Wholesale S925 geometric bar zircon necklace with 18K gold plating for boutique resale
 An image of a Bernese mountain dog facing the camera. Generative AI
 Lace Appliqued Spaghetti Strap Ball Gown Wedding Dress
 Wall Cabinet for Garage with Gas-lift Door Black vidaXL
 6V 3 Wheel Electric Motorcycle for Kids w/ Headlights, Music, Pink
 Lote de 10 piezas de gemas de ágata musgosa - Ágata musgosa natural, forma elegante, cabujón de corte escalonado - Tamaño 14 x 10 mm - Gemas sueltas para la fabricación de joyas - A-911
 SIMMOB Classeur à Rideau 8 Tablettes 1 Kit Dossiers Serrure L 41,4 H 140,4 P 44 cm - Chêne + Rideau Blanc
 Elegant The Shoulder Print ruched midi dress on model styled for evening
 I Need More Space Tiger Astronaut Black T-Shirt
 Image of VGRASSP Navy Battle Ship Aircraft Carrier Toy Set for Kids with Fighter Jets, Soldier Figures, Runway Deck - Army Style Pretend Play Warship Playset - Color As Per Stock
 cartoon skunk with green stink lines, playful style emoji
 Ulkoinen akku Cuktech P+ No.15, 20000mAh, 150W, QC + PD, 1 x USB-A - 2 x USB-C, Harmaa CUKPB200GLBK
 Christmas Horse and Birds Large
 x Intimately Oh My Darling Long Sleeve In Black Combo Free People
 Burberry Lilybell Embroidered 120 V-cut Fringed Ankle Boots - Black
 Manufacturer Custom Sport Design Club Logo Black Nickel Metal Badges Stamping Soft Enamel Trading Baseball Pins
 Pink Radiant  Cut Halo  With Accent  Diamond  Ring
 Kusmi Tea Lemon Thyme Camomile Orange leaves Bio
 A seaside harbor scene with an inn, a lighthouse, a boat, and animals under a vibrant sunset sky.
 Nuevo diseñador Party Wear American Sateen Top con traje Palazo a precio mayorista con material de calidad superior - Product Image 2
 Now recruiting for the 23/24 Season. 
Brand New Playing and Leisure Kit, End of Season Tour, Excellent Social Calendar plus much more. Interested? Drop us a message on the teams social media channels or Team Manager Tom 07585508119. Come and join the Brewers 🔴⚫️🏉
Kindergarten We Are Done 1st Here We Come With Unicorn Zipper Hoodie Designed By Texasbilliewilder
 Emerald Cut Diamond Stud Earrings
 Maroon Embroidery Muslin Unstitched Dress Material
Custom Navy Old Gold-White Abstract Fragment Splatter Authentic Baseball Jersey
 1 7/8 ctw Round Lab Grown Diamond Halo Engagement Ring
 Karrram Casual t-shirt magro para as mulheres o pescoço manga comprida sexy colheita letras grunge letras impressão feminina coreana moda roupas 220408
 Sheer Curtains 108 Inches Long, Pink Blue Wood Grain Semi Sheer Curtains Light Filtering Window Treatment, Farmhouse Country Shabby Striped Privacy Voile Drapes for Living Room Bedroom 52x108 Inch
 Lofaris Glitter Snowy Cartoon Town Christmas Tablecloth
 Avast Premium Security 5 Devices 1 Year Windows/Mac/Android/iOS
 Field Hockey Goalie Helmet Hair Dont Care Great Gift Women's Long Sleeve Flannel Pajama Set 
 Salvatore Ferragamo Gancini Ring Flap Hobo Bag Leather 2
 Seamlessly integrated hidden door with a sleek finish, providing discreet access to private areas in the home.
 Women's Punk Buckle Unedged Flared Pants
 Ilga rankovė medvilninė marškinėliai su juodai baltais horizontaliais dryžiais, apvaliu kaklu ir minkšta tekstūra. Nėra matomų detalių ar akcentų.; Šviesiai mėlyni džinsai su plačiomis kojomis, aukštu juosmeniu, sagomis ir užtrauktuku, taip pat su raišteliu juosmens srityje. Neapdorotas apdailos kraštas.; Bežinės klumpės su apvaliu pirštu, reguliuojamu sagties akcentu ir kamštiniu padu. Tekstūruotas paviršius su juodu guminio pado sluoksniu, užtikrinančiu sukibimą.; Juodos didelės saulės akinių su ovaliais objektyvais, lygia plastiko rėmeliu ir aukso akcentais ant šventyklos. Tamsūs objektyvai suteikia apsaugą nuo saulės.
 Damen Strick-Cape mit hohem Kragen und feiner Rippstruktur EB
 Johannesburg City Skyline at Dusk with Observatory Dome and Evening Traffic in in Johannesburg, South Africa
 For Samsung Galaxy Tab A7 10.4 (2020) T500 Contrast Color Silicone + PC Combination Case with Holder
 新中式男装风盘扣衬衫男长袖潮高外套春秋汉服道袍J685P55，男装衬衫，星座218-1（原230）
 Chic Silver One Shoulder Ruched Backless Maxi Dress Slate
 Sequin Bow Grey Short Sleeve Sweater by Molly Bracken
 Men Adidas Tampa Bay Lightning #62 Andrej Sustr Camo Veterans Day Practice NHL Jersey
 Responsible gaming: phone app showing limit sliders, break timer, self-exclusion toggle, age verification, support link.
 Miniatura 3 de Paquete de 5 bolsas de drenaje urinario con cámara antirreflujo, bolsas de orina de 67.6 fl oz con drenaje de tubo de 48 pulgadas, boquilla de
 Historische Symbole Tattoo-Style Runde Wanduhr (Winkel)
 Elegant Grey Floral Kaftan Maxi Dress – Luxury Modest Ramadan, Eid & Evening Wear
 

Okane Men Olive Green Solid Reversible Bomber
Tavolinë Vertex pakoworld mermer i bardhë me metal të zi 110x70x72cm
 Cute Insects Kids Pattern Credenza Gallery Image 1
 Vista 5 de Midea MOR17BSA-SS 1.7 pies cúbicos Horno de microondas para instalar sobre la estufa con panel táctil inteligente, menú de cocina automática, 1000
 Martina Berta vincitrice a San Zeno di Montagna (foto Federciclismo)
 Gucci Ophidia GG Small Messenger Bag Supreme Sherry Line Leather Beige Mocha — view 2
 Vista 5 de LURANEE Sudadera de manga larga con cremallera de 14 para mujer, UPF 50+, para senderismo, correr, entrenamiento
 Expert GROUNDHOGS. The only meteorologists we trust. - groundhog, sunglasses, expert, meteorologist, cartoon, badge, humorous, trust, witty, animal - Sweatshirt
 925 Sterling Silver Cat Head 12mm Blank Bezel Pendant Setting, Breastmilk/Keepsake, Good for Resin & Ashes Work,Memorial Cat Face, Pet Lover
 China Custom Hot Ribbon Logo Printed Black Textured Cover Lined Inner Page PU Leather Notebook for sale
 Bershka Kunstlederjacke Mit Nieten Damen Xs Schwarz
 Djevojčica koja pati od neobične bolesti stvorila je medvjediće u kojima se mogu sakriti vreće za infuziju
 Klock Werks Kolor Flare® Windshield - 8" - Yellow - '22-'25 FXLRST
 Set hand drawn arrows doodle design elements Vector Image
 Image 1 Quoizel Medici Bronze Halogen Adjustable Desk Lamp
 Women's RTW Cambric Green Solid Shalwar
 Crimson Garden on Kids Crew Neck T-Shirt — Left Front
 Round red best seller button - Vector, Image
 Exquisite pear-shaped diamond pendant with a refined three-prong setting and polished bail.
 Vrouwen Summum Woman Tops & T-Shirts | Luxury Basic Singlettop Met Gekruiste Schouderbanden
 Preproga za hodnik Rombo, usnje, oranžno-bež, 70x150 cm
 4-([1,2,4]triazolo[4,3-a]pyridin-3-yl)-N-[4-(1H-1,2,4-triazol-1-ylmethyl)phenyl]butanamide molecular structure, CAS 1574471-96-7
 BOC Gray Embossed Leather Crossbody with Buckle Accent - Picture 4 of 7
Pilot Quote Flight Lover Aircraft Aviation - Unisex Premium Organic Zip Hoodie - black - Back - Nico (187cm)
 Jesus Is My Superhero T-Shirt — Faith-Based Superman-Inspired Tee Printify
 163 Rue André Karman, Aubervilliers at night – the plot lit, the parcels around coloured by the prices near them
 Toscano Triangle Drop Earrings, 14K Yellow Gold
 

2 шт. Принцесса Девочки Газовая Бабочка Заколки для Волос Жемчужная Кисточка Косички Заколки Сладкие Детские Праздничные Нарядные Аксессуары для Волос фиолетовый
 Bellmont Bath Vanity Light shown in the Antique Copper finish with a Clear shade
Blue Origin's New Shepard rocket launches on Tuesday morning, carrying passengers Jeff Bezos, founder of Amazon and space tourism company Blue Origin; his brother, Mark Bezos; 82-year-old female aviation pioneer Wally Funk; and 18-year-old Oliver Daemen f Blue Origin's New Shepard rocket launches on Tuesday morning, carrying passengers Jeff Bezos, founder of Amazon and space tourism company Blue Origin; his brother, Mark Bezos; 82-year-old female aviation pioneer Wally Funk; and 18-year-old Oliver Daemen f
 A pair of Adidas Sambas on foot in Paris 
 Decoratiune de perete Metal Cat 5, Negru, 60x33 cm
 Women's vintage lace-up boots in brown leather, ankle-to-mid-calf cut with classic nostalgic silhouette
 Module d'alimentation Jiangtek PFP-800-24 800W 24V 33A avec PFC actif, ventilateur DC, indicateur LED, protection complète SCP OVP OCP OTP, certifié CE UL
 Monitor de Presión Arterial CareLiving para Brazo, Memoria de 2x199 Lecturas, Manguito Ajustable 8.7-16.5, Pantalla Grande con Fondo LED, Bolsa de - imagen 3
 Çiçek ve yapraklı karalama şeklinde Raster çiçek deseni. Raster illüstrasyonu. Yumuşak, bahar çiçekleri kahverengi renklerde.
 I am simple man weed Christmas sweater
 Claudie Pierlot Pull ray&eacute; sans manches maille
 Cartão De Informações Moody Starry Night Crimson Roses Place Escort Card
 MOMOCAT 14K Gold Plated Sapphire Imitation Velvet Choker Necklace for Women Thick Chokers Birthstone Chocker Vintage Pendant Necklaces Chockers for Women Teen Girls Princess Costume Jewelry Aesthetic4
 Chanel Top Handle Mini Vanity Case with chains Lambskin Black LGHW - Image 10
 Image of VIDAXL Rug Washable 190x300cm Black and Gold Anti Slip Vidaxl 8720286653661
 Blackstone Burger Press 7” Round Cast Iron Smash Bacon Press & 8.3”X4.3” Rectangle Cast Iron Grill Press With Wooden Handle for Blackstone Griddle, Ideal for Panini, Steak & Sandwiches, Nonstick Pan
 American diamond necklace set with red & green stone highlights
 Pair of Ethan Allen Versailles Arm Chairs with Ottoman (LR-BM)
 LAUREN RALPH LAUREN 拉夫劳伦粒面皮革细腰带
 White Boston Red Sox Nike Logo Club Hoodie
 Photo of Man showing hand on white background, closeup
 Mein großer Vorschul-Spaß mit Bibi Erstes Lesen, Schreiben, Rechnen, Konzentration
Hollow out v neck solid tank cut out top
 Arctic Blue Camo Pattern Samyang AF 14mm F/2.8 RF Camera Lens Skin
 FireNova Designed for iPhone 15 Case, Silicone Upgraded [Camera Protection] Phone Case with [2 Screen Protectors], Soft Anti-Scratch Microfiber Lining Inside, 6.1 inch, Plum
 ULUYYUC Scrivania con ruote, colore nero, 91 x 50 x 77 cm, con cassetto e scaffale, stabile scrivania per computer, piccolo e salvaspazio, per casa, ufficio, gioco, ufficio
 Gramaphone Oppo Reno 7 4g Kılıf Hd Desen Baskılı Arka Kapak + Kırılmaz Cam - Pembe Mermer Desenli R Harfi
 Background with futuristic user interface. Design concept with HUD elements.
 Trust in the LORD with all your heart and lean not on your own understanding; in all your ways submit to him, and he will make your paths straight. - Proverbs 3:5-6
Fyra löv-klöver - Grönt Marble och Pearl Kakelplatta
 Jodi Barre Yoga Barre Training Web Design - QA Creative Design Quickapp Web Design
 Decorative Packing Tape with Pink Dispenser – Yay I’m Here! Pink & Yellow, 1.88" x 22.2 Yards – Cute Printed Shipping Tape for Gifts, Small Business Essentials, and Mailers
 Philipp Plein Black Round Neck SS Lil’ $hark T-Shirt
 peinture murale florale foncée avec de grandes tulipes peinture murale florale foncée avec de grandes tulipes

□ □ □ □

Please reproduce, exactly as they appear above, the lines from the line containing "Kindergarten We Are" up to and including the line containing "Women's Punk Buckle Unedged Flared Pants".

Kindergarten We Are Done 1st Here We Come With Unicorn Zipper Hoodie Designed By Texasbilliewilder
 Emerald Cut Diamond Stud Earrings
 Maroon Embroidery Muslin Unstitched Dress Material
Custom Navy Old Gold-White Abstract Fragment Splatter Authentic Baseball Jersey
 1 7/8 ctw Round Lab Grown Diamond Halo Engagement Ring
 Karrram Casual t-shirt magro para as mulheres o pescoço manga comprida sexy colheita letras grunge letras impressão feminina coreana moda roupas 220408
 Sheer Curtains 108 Inches Long, Pink Blue Wood Grain Semi Sheer Curtains Light Filtering Window Treatment, Farmhouse Country Shabby Striped Privacy Voile Drapes for Living Room Bedroom 52x108 Inch
 Lofaris Glitter Snowy Cartoon Town Christmas Tablecloth
 Avast Premium Security 5 Devices 1 Year Windows/Mac/Android/iOS
 Field Hockey Goalie Helmet Hair Dont Care Great Gift Women's Long Sleeve Flannel Pajama Set 
 Salvatore Ferragamo Gancini Ring Flap Hobo Bag Leather 2
 Seamlessly integrated hidden door with a sleek finish, providing discreet access to private areas in the home.
 Women's Punk Buckle Unedged Flared Pants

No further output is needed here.